> [TASK REQUIREMENTS]: In the answer, each entry below appears exactly as given, and no picture appears at all.
DATA: Begin
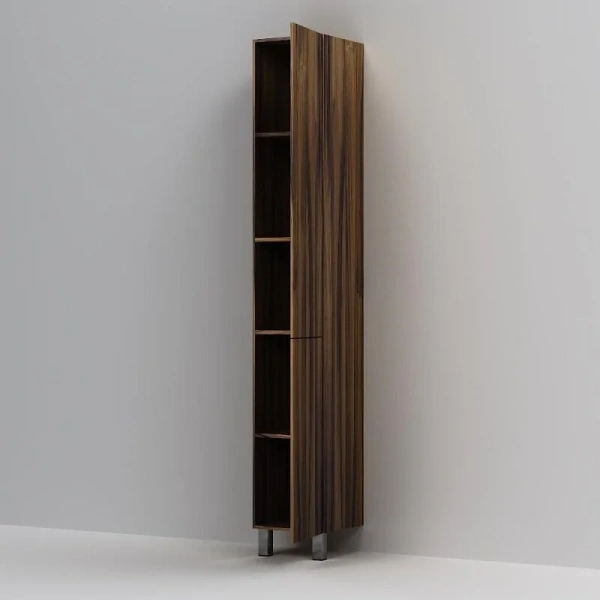 Пенал напольный 30 см Am.Pm Gem M90CSR0306HF, орех, правый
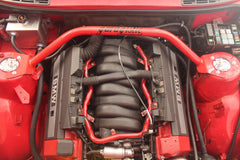 E30 Garagistic Front Strut Bar - M42, M20, M50 Compatible-Steel parts-Red-Garagistic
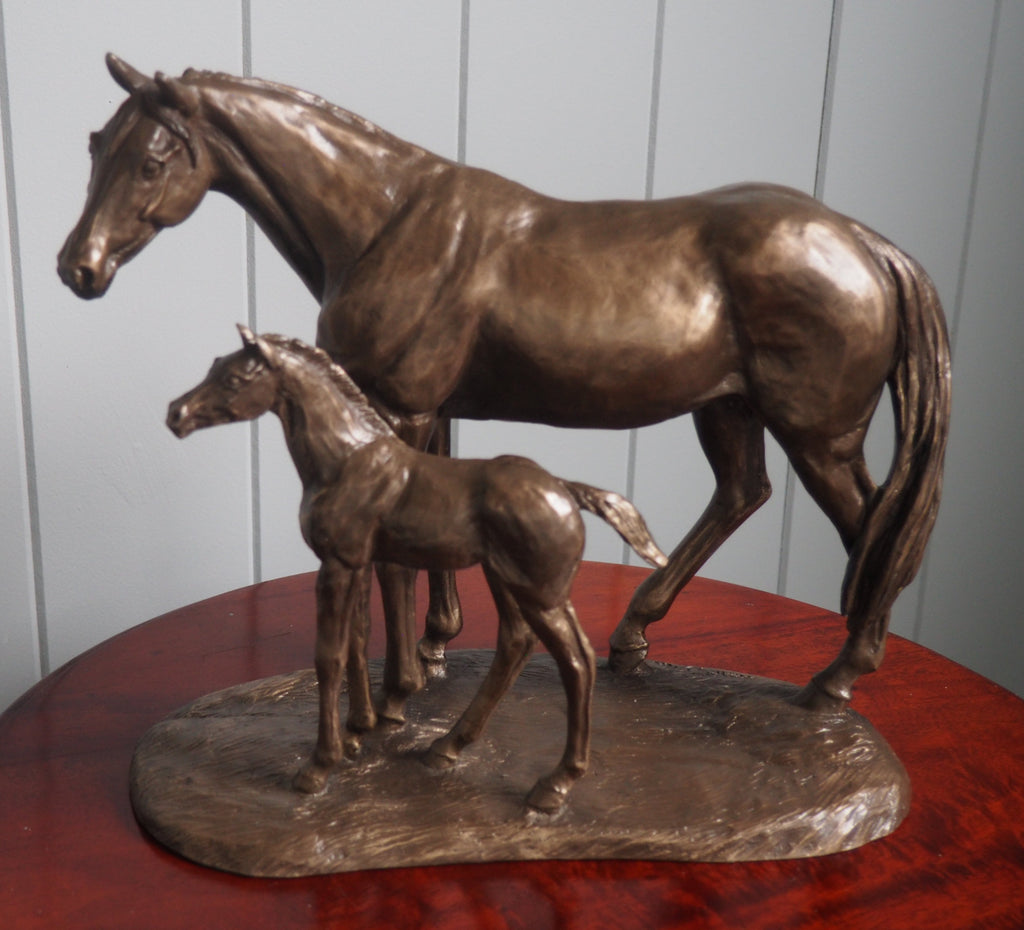 Mare & Foal Sculpture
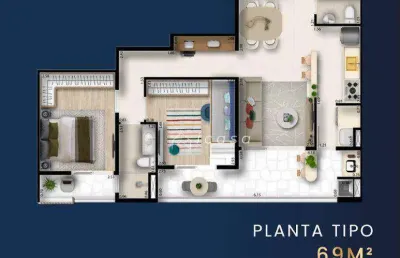 Apartamento com 2 dormitórios à venda, 69 m² por r$ 462.903,34 - esplanada independência - taubaté/sp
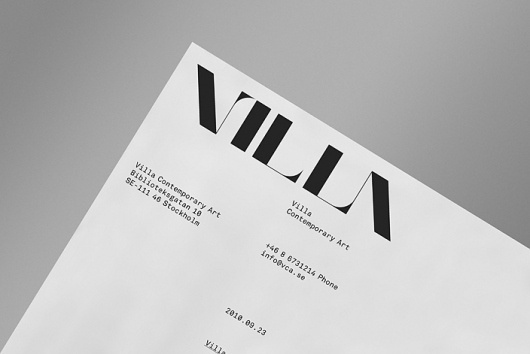 Villa « KurppaHosk #logotype #letterhead #typography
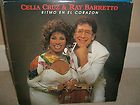 Celia Cruz & Ray Barretto   Ritmo En El Corazon   Rare LP in Excellent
DATA: End
> [RESULT BELOW]:
 Пенал напольный 30 см Am.Pm Gem M90CSR0306HF, орех, правый
 E30 Garagistic Front Strut Bar - M42, M20, M50 Compatible-Steel parts-Red-Garagistic
 Mare & Foal Sculpture
 Apartamento com 2 dormitórios à venda, 69 m² por r$ 462.903,34 - esplanada independência - taubaté/sp
 Villa « KurppaHosk #logotype #letterhead #typography
 Celia Cruz & Ray Barretto   Ritmo En El Corazon   Rare LP in Excellent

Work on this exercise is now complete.